## DATA
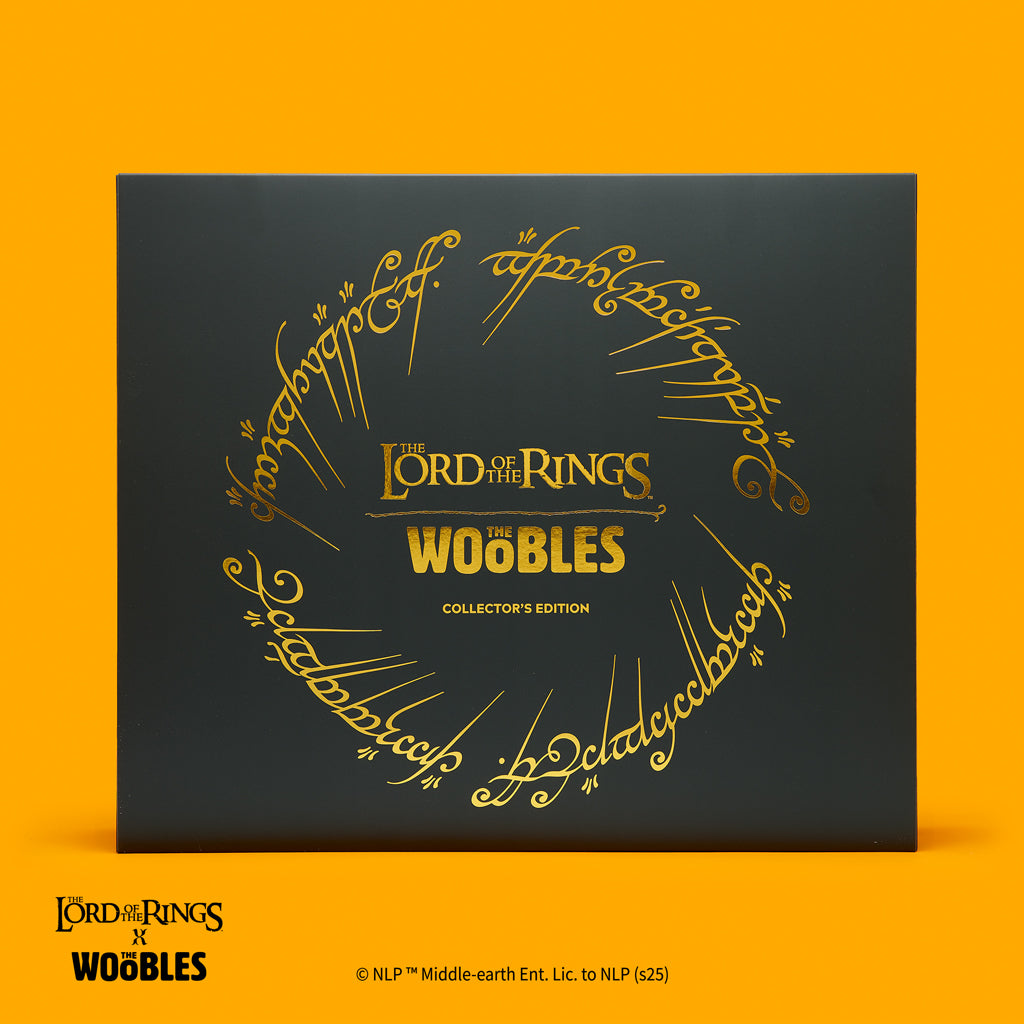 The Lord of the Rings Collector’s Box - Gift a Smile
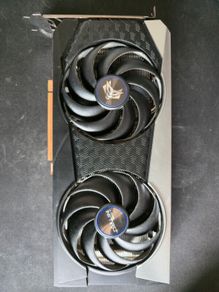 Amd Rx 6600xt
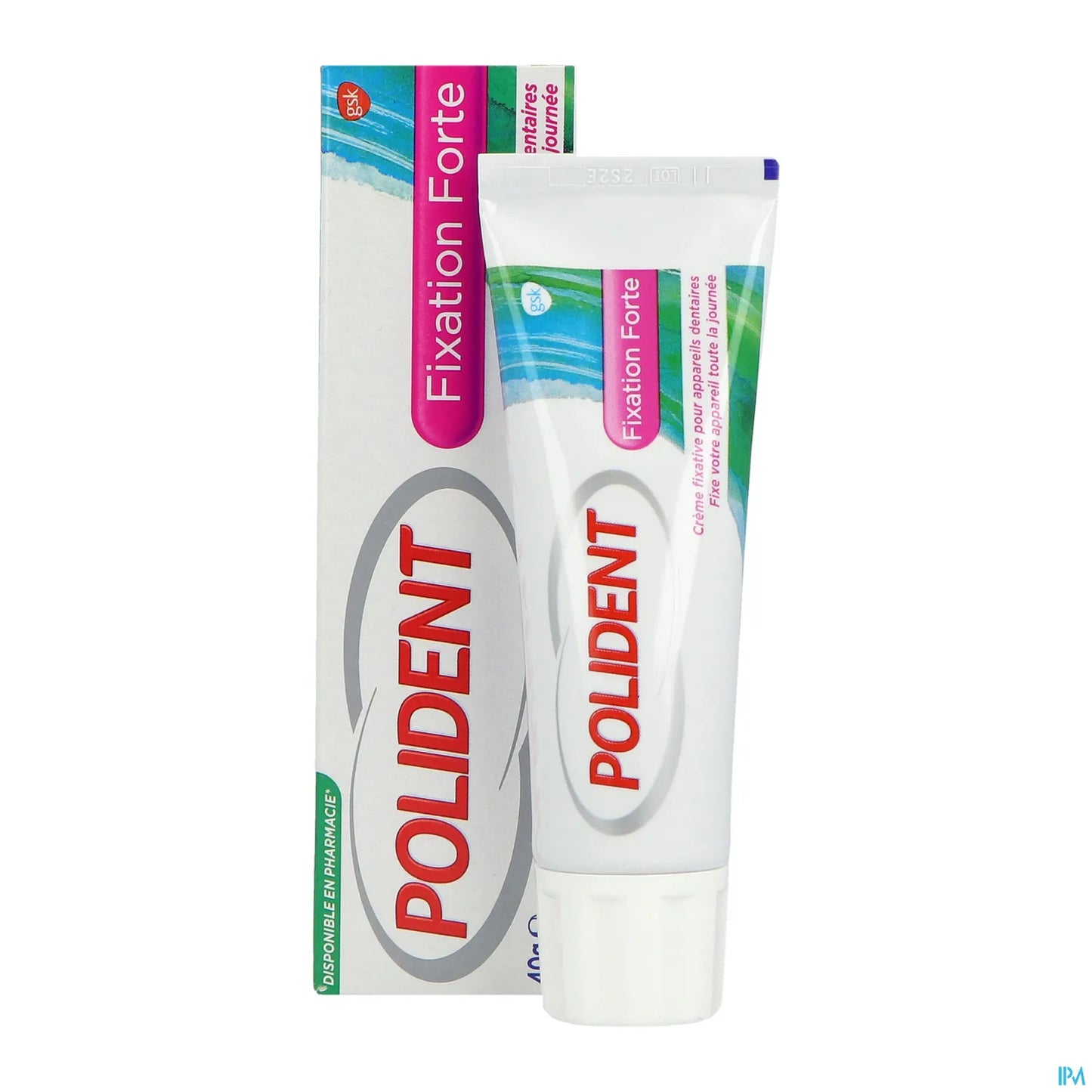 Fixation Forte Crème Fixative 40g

## EXERCISE BRIEF
Give again, exactly, each line from the one that contains "Amd Rx 6600xt" through the last line of the material above. Pictures do not belong in the copy.

## RESPONSE
 Amd Rx 6600xt
 Fixation Forte Crème Fixative 40g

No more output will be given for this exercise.